Weather explores the current global ecological crisis and its embodied impact through site-specific choreography and sonic experiences that will engage with the natural landscape and built environment of the University of Toronto Mississauga’s campus. Each solo vignette plays with the idea of instability, of teetering on the brink of disaster. Spectator peregrination through the campus is required.
Endangered Species examines the body as a container of historical processes at their tipping point. A de-stabilized structure of raw exposed nerve endings firing endlessly and out of order. A place where immense forces of history collapse into our present reality and manifest in the ecology of the body.
Water offers the body as a vessel of ancestral and landscape memory. The accumulation of our fluids, our orgasms, our births, our rituals, our tears. The pathways of the colonizers, the natural resources depleted by our capitalist economies. The potential for buoyancy and drowning. Shape shifting oceans and glaciers moving across our landscapes.
Shrinking Habitats explores encroachment and enclosure.
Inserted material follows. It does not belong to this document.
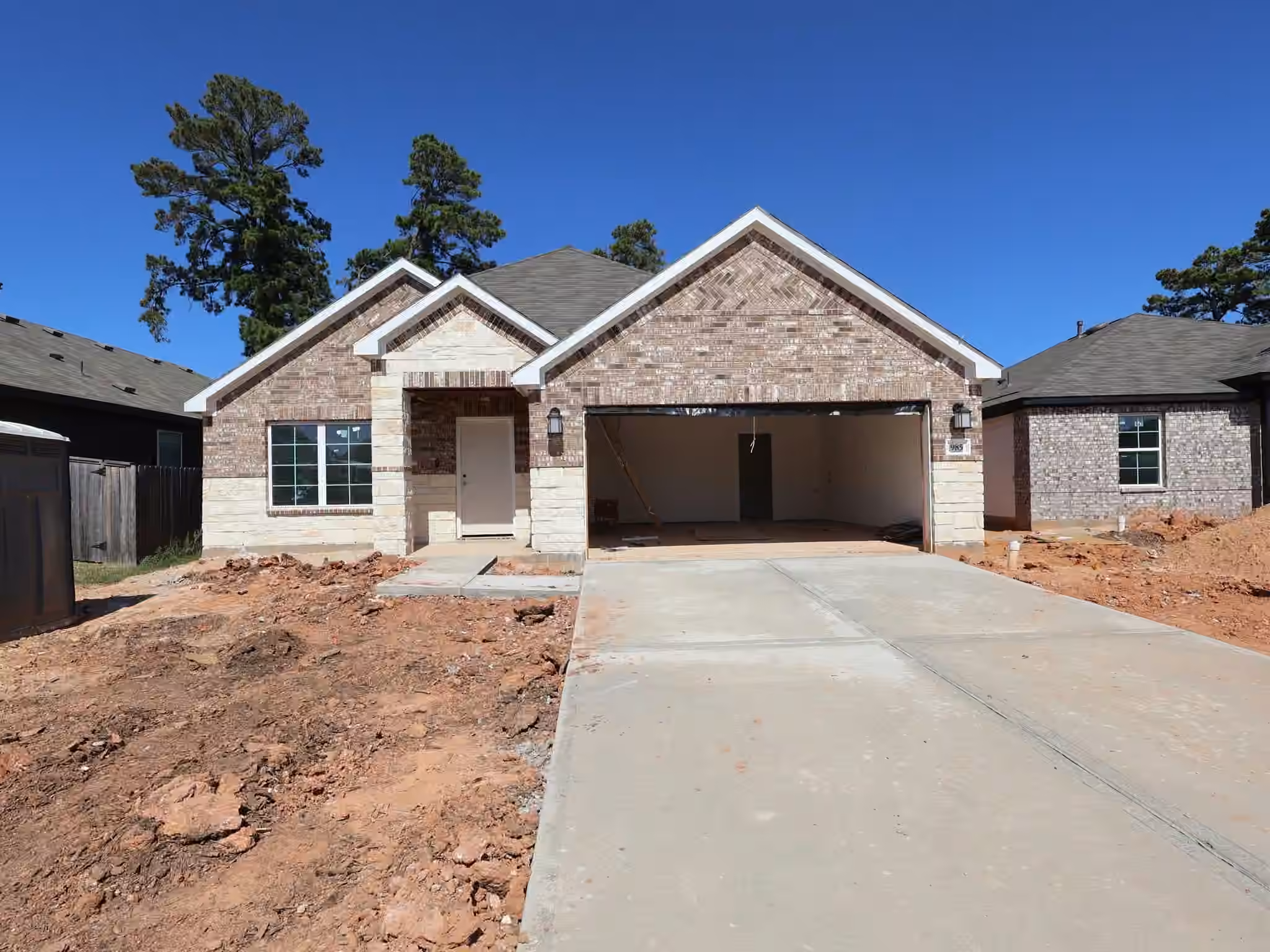 Photo of 985 Garden Path Drive, Willis, TX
The howl of a land/body urbanized, colonized, liquefying, drying and depleting. The scars of industry and the imbalanced relationships between our bodies, economies, and landscapes in a slow burn meltdown.
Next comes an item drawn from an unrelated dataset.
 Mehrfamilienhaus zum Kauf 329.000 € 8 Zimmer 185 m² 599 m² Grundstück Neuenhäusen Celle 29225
Wind offers a time lapse of the body as landscape through the continual process of erosion. The body becomes a divining weather vane, the trade winds of the colonial project, a future antennae transmitting and receiving signals through the air. The precarious balance of all of the converging forces of history and future possibilities existing in a simultaneous space of moving forward and back in time. The forces of accumulation and dissolution.
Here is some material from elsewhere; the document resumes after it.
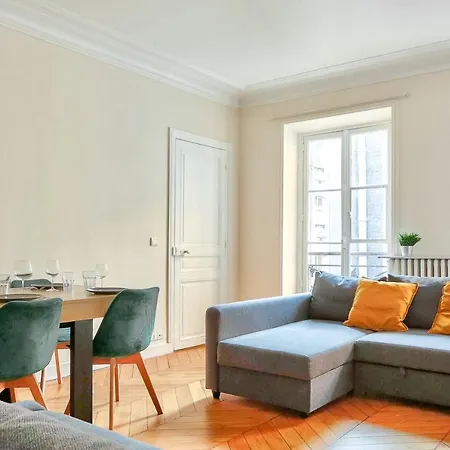 Arc De Triomphe Superbe Appartement Paris Free Netflix Exterior photo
The weather becomes a flickering social prosody. As it abstracts into rhythm it becomes commodified, universal. It's real. It's mythic. It's wild. It's a vernacular. It's didactic. It's boredom. It's ceaseless. It's a delusional space.
This weather's the wild fantasy. It seizes us. Together our faces tilt upwards. […] If each forecast is a fiction I prefer to add to that fiction alternate delusions—a delusionary politics that describes current conditions as it poses futurities.
—Lisa Robertson, "The Weather: A Report on Sincerity"
The profound ecological changes currently underway have made it crucial to think with geological time scales and to link seemingly disparate events across the globe, namely colonialism, unregulated capitalism, and globalization. The weather emerges as a strange figure of a kind of metaphysical instability. It’s as if the market collapse and the dismantling of the fortress of the state as absolute shelter has amplified a sense of vulnerability to the elements to a point where the earth’s atmosphere responds in kind. Weather produces a kind of amplification of these details in a manner that indexes the variegated rhythms of non-human and human matter.
Weather looks to the human body as a conductor for explicitly engaging with the physical, political, and chemical composition of the Earth. The performance presents issues that are often rendered as ‘dry science’ in a way that enables emotional responses and encourages us to re-envisage future and past relations between earthly volatility and bodily vulnerability. Weather makes visible the differential impacts—past, present, and future—that have come to shape the relationships among human and non-human actants, living in an era of extreme hydrocarbon extraction, extreme weather events, and extreme economic disparity. Each site-specific solo vignette plays on the idea of instability, of teetering on the brink of disaster.